ジェトロ、4月以降施行の輸出管理関連法令を解説するセミナーを大連で開催

(中国)

大連発

2026年07月01日

ジェトロは6月24日、中国の遼寧省・大連市で輸出管理に関する最新法令を解説するセミナーを開催した。製造業を中心とした日系企業が参加した。中国では、2026年1月以降、一部鉄鋼製品の輸出許可証管理や両用(デュアルユース)品目に対する輸出規制が強化され、中国進出日系企業からは実務負担の増加を懸念する声などが上がっている。こうした状況を踏まえ、ジェトロは4月16日に「大連における輸出管理の動向と対応」をテーマとしたセミナーを開催した(2026年4月24日記事参照)。今回のセミナーは、その第2弾として実施された。

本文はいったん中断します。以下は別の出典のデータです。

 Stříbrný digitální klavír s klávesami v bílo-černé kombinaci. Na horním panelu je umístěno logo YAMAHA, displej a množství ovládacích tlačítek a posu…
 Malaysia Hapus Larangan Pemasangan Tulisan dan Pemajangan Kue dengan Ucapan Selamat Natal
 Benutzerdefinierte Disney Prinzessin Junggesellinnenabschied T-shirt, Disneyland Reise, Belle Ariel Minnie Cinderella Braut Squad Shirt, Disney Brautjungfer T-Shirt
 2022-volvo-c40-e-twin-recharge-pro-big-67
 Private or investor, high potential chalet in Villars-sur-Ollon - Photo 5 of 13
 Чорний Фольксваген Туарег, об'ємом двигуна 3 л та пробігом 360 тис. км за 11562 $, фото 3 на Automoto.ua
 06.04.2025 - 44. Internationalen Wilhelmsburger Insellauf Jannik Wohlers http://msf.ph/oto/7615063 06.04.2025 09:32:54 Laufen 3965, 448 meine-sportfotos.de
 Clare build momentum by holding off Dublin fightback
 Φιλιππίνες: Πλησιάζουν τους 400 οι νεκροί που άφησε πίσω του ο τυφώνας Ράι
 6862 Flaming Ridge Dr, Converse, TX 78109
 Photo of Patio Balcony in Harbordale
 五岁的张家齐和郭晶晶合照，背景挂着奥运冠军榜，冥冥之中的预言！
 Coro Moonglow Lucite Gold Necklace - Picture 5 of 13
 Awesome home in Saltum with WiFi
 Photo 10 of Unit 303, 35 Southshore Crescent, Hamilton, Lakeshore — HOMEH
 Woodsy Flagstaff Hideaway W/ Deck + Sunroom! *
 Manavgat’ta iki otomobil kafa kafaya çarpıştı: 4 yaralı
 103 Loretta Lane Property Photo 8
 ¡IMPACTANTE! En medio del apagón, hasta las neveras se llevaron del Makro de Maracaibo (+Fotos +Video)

前回に引き続き、昶徳東来物流(大連)の関国哲総経理が講師を務め、4月以降に施行された税関関連公告を中心に、制度改正の内容や企業実務への影響について解説した。

具体的には、4月1日施行の海関総署公告2026年第282号(2026年2月2日記事参照)では、企業信用区分を従来の3段階から5段階へ細分化した。例えば、「厳重失信企業(甚大な信用失墜企業)」を新設し、違反企業に対する管理を強化した。一方、悪意のない軽微な違反については、是正の機会を設けるなど過度な処分を回避する仕組みも導入された。

また、4月29日施行の第40号公告では、両用品目輸出管理リスト掲載製品の輸出時に、輸出貨物通関申告書(報関単)への「禁限管制識別コード」および「禁限管制申告要素」の入力が義務化された。さらに6月1日施行の第57号公告では、法定検査対象品目が拡大され、児童用品、電子製品、低電圧電気器具などで抜き取り検査の対象となるリスクが高まったと説明した。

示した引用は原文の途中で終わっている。